Officials in Israel continued to deny any involvement in Syria.
Journalist Nabil Abu Shaab, author of the blog
"U.N. Report," reported Saturday that the Israel Defense Forces had
come close to taking action in response to Syrian army tank movements
during the skirmishes in Quneitra.
According to Shaab, the Syrian army
"reinforced its presence in the area of separation with five main battle
tanks and five armored personnel carriers, moving in the direction of
Quneitra ... The Israel Defense Forces informed the UNDOF force
commander that should the movement of [the Syrian army's] tanks
continue, the IDF would take action ... The [Syrian military] informed
the UNDOF force commander that the presence of the tanks was solely for
the purpose of fighting the armed members of the opposition and asked
that the IDF not take action."
Hezbollah television station Al-Manar also
reported finding an array of Israeli weapons and equipment in the city
of Qusair, where Hezbollah fighters have helped the Syrian army retake
control of the city, strategically placed on the Lebanese border.
According to the report from Qusair, the weapons found in the ravaged
city included mortar rounds and flares with Hebrew writing on them, as
well as an Uzi sub-machine gun, allegedly given to the rebels by Israel.
IDF officials called the report a "desperate
attempt to divert attention from Hezbollah's involvement in Syria." The
officials said the military equipment with the Hebrew writing was likely
left from before Israel's withdrawal from southern Lebanon in 2000.

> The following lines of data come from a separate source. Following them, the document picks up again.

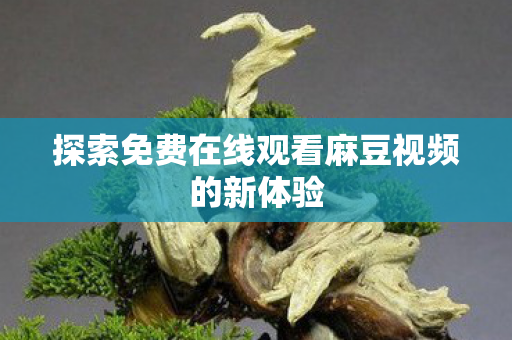 探索免费在线观看麻豆视频的新体验图片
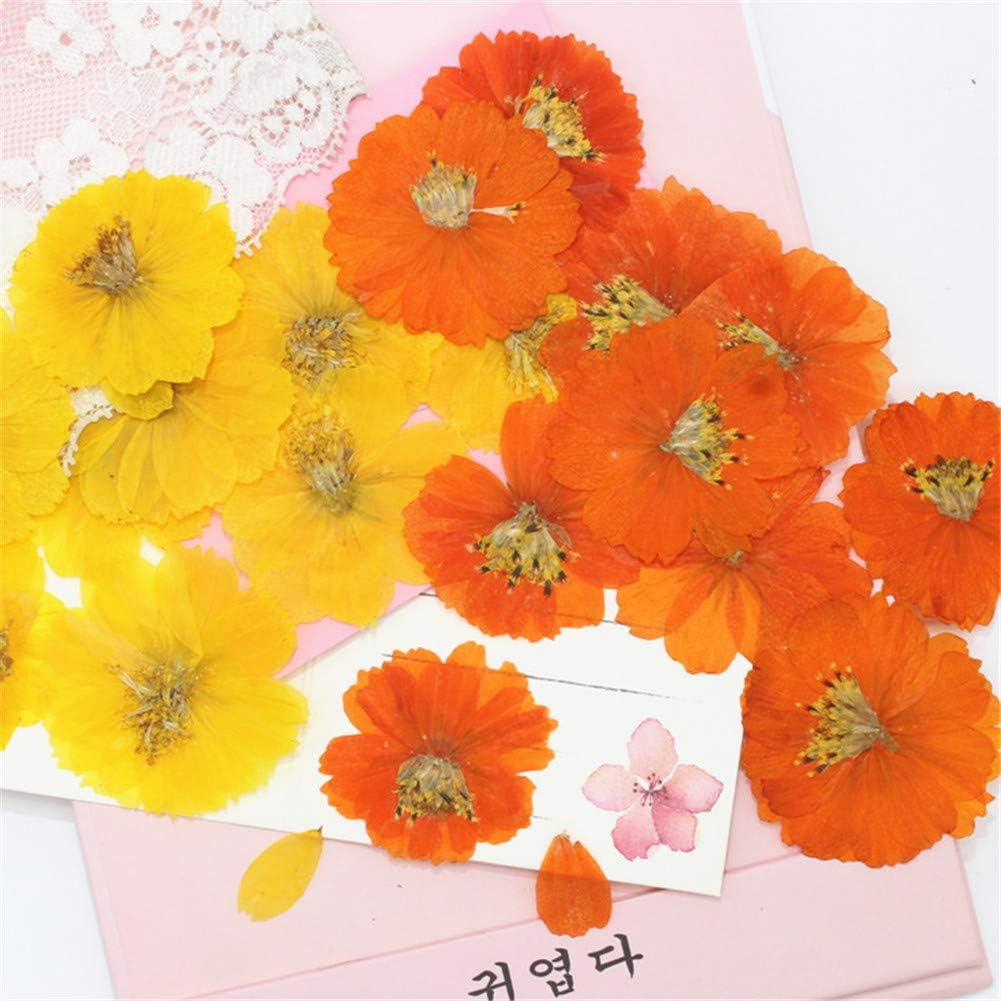 12pcs Sulphureus Natural Real Pressed Dried Flower for DIY Craft Jewelry Making Handmade Resin Ornament (Orange)
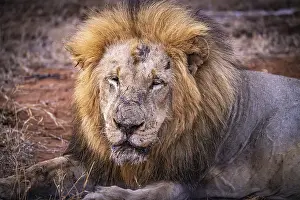 Old male lion (Panthera Leo) lying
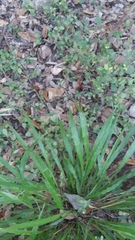 Polygonia interrogationis
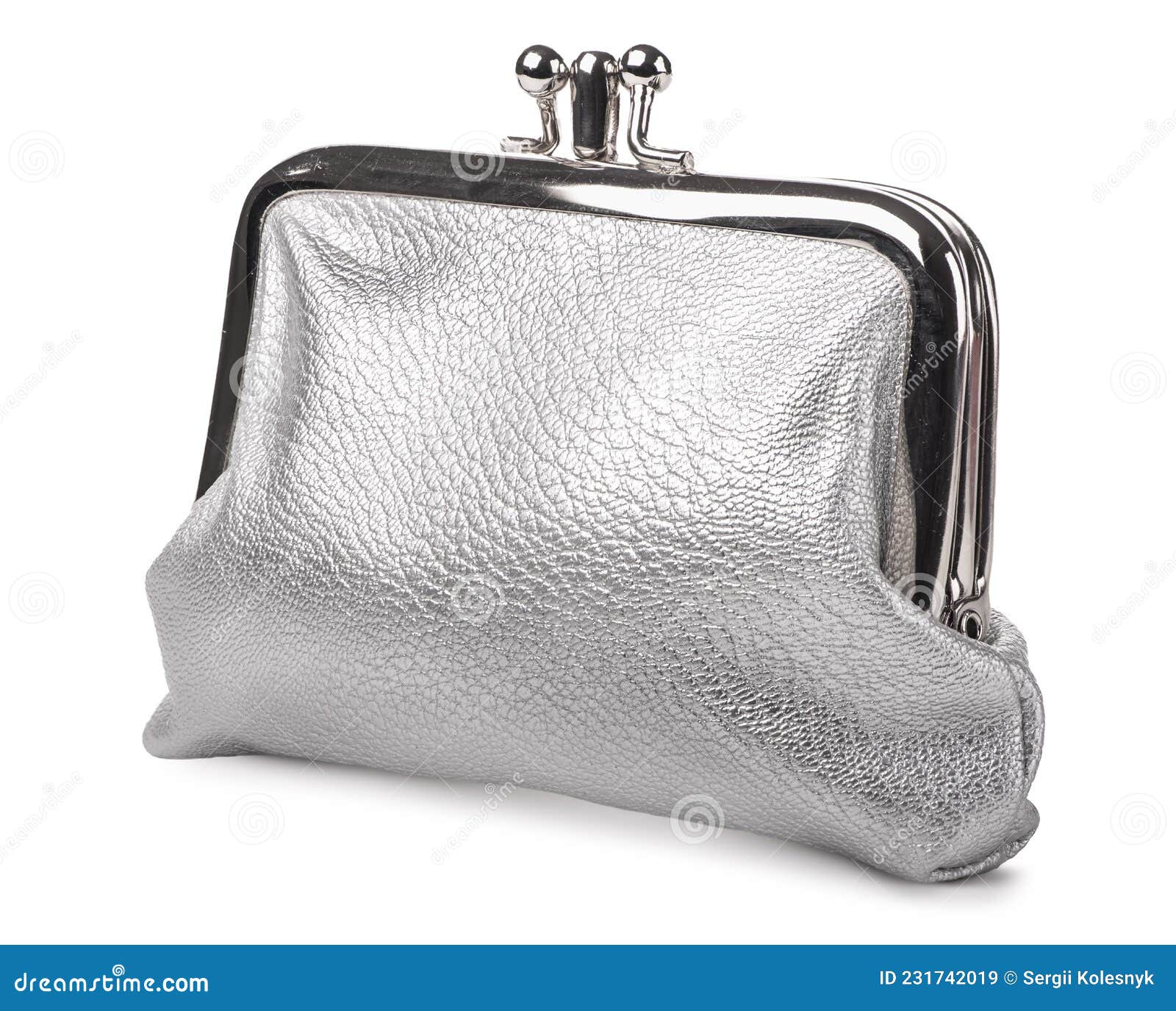 Silver Leather Purse Isolated Stock Image Image of leather, cashbox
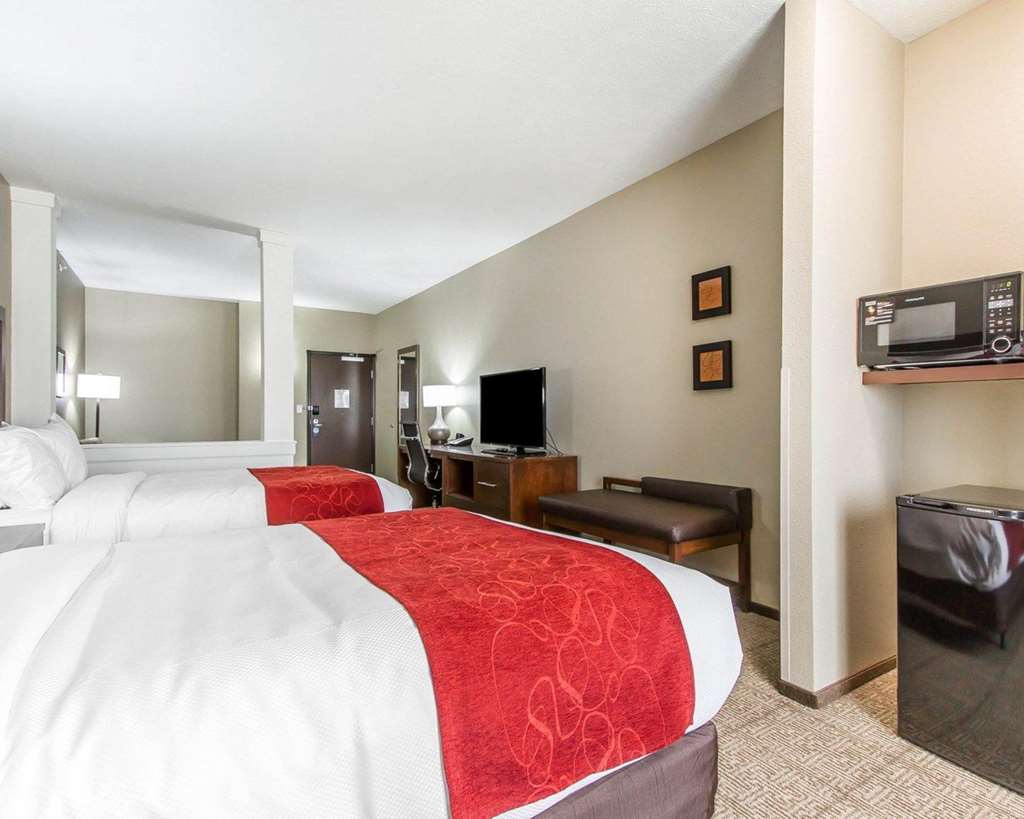 Comfort Suites West Omaha - thumb 13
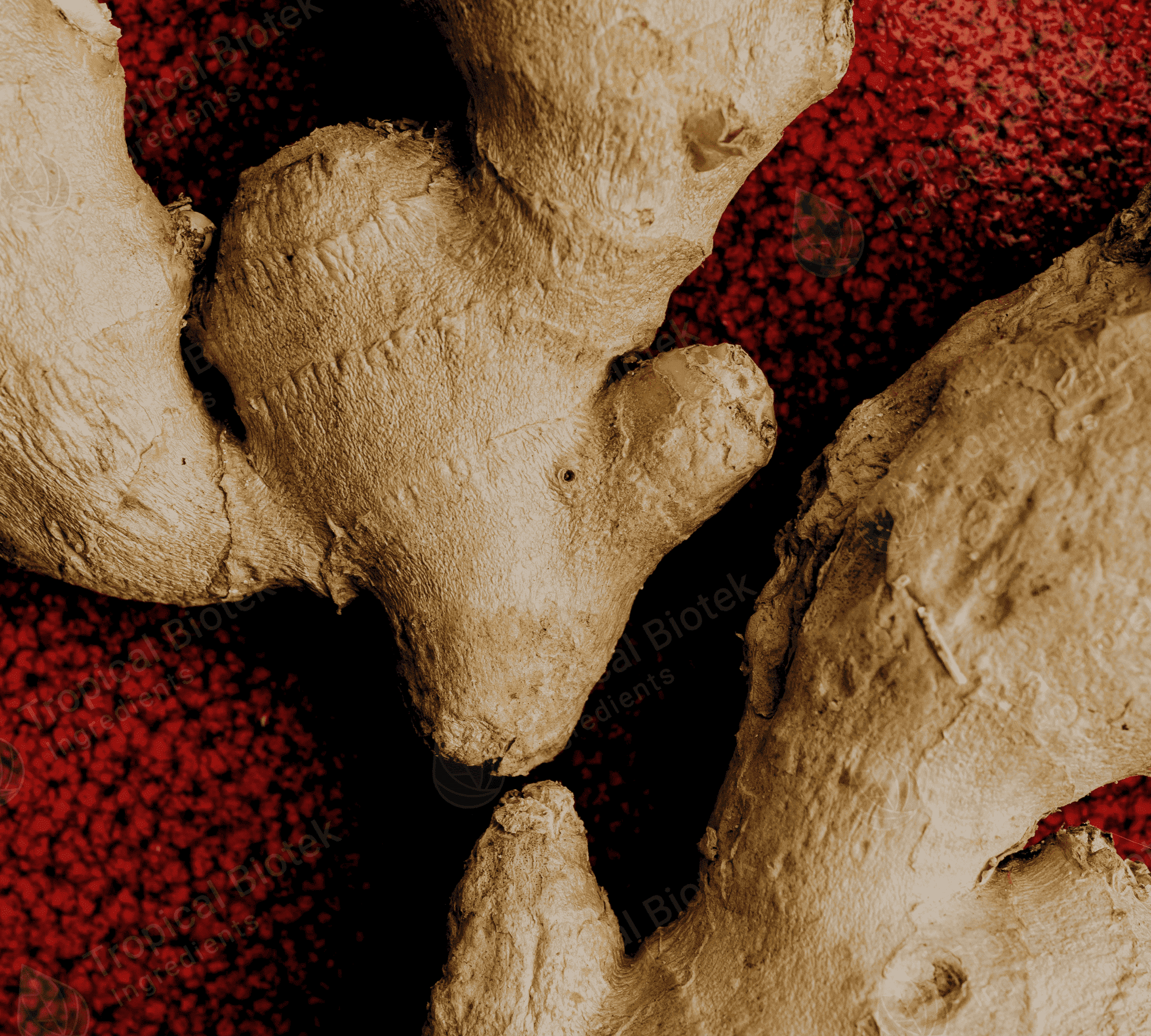 Ginger (Indian) Oil Tropical Biotek Ingredients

Russia bids to save U.N. peacekeeping force on Golan Heights
Prime Minister Benjamin Netanyahu, meanwhile,
opened Sunday's cabinet meeting by announcing that he had spoken with
Russian President Vladimir Putin over the weekend about the situation in
Syria. Moscow intends to transfer advanced the S-300 anti-aircraft
missile defense system to Damascus, despite the U.S.'s and Israel's
objections.
"We discussed matters pertaining to Syria,
where the situation is getting more complex by the day," Netanyahu said.
"We saw just last week the fighting that took place near our border on
the Golan. Israel will not interfere in the civil war in Syria, as long
as the fire is not aimed at us."
The prime minister said Israel trusted only itself to protect its borders.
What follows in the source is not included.